Australian bishops have accepted the vast majority of recommendations made after a five-year investigation into sexual abuse in the country.

In an Aug. 31 response to the Australian Royal Commission's report on sex abuse, the Australian bishops' conference considered hundreds of specific recommendations made by the report.

While welcoming the substance of the report, which was published in December 2017, the Australian bishops' defended the sacramental seal, which the report said should be violated if a priest came to know of an allegation of abuse through confession.

"We are committed to the safeguarding of children and vulnerable people while maintaining the seal. We do not see safeguarding and the seal as mutually exclusive," wrote Archbishop Mark Coleridge of Brisbane and Sister Monica Cavanagh, president of Catholic Religious Australia, in a co-authored preamble to the 57-page response.

"Bishops and religious leaders have accepted or accepted in principle or supported 98 percent of the Royal Commission's recommendations. The one recommendation we cannot accept … refers to the seal of the Sacrament of Penance. This is because it is contrary to our faith and inimical to religious liberty," Coleridge and Cavanagh explained.

Three Australian states have already adopted laws making it an offence for priests to fail to report the confessions of child sex abuse. However, priests in these states -- the Australian Capital Territory, South Australia, and Tasmania -- have said that they are "willing to go to jail" rather than break the seal of confessional.

Other recommendations by the Royal Commission into Institutional Responses to Child Sexual Abuse included requests that the Holy See change canon law in some areas, such as abolishing the statute of limitations in cases of sexual abuse.
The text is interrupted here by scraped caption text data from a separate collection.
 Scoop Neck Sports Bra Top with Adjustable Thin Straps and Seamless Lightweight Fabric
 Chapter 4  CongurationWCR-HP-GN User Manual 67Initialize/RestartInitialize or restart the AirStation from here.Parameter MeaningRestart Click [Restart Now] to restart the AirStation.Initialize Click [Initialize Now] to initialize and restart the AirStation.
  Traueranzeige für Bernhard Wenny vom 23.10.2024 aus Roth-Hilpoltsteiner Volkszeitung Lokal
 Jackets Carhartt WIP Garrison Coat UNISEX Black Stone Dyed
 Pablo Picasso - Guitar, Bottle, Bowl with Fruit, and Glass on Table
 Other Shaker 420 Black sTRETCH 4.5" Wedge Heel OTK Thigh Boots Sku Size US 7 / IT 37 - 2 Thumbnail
The Australian bishops noted that they had passed along these requests to the Holy See.

The Royal Commission also recommended that the Australian bishops request the Holy See consider voluntary celibacy for diocesan clergy and "implement measures to address the risks of harm to children and the potential psychological and sexual dysfunction associated with a celibate rule of religious life," including a consideration of "shorter terms of celibate commitment, and/or voluntary celibacy."
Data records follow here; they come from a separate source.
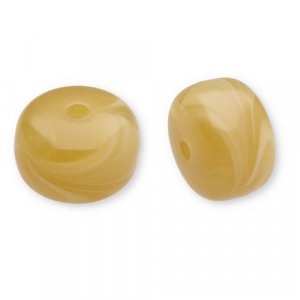 Perline in acrilico disco giallo ocra-bianco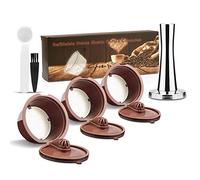 i Cafilas - Lot de 3 capsules à café réutilisables et rechargeables en acier - Pour Dolce Gusto - Plus de mousse (capsules à café et pressoir)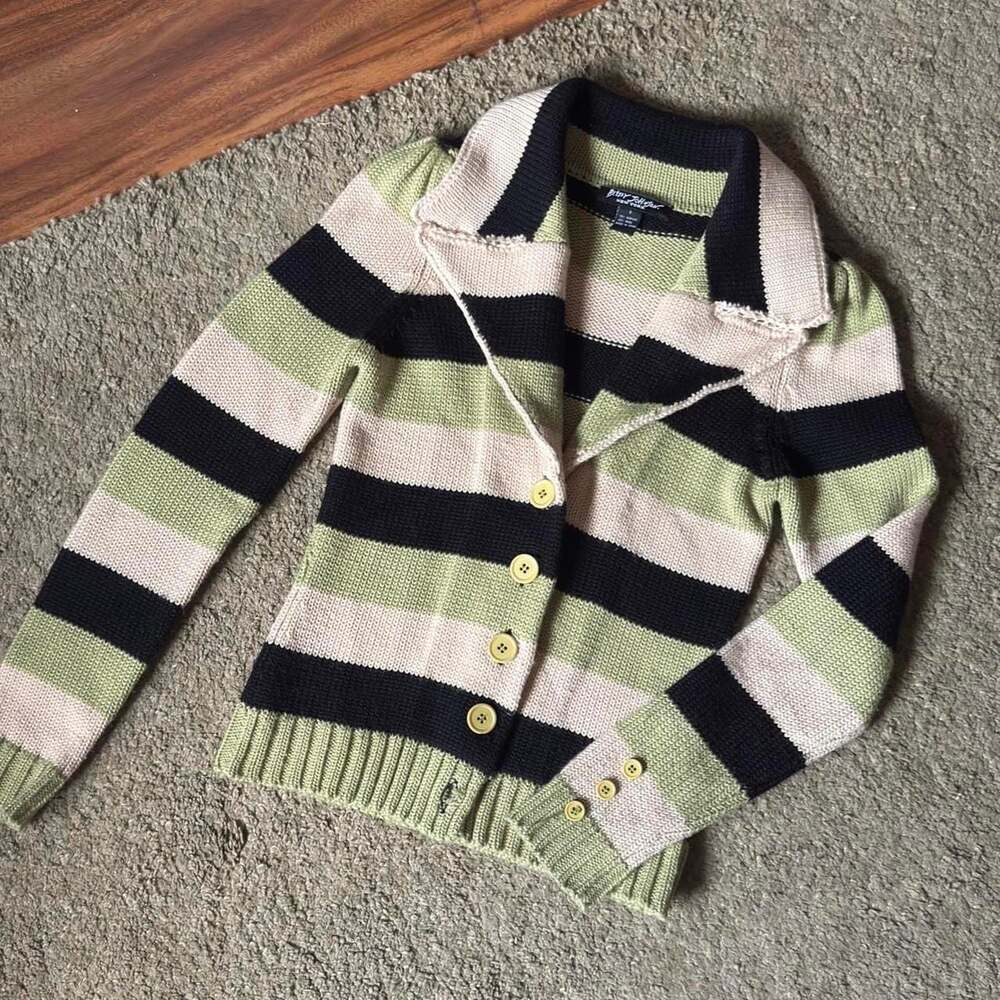 Betsey Johnson Striped Blazer Cardigan Sweater Green Beige Black Size S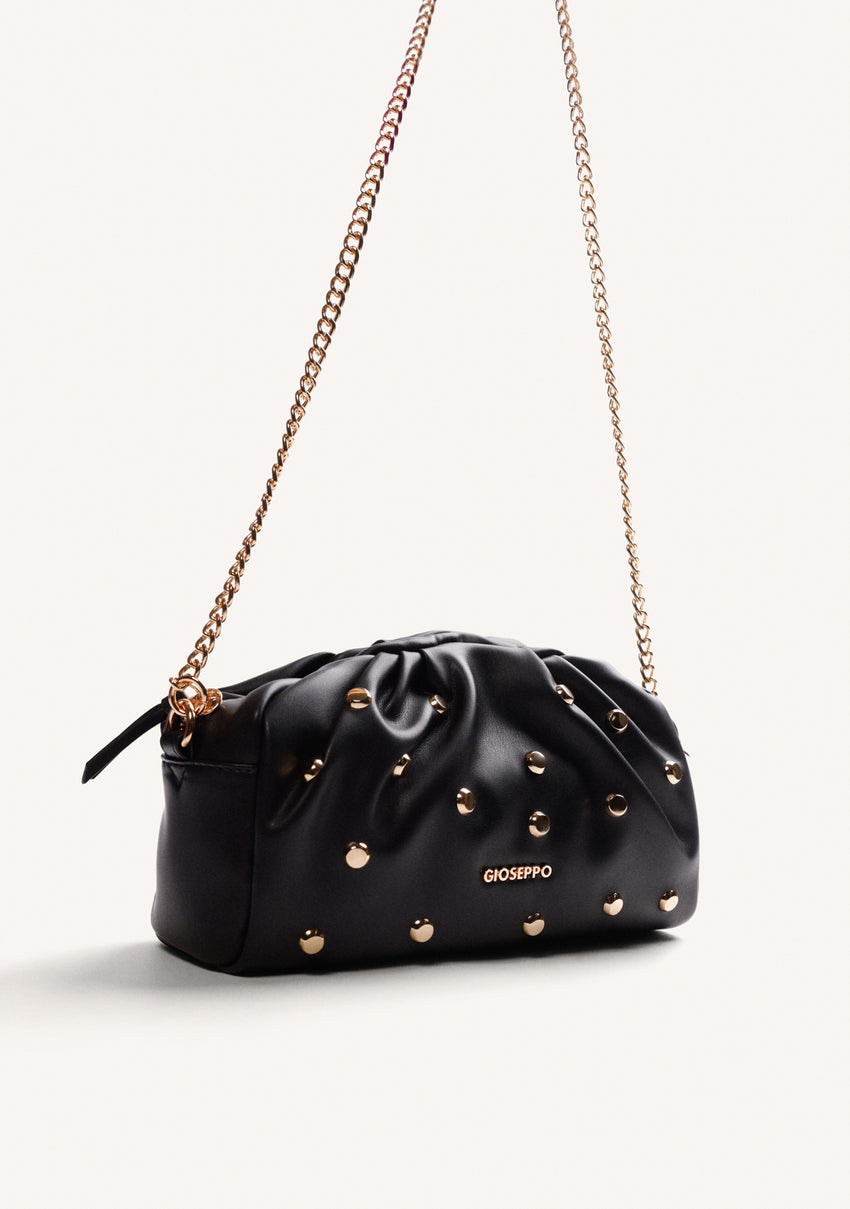 BLACK WRINKLED EFFECT STUDDED CROSSBODY BAG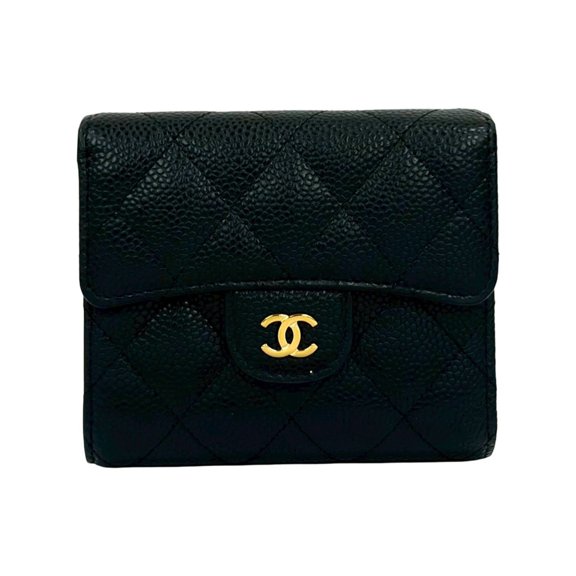 Pre-Owned CHANEL Matelasse Coco Mark Caviar Leather Tri-fold Wallet, Black, 64570 (Good)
The Australian bishops responded that they are "seeking expert theological and canonical advice and .. is in consultation with the Holy See." The Catholic Religious Association will also commission research on potential dysfunctions associated with celibate life.

"Inadequate initial and continuing formation of priests and religious for celibate living may have contributed to a heightened risk of child sexual abuse, but not celibacy as a state of life in and of itself," the bishops responded.

Australian Associated Press said that Archbishop Coleridge told reporters on Friday, "There is a dark side to celibacy. I am the first to admit it, especially when it is accompanied by poor formation." But the bishops emphasised that the Royal Commission did not find "a causal connection between celibacy and child sexual abuse."

The Anglican church in Australia, which allows for married clergy, had nearly 1,100 child sexual abuse claims over the 35 years, according to the final report of the commission, which was released in Dec. 2017.

The five-year inquiry examined sex abuse in Australian schools, churches, and sports clubs, and has set up a government program to financially compensate victims.

The Catholic church was the first non-government institution in Australia to commit to this financial compensation program, which started on July 1, 2018, and will offer compensation totally $2.9 billion to approximately 60,000 Australians.

The compensation per victim is capped at $110,000 and the average payments are expected to be around  $49,000.

Earlier this year, Archbishop Philip Wilson of Adelaide was convicted of failing to report sex abuse by a priest in the 1970s. Pope Francis accepted Wilson's resignation in July.

In April, Cardinal George Pell pleaded not guilty to several charges of sexual abuse from the 1970s and 1990s. Pell is currently on a leave of absence from his role as the Vatican's Prefect of the Secretariat for the Economy.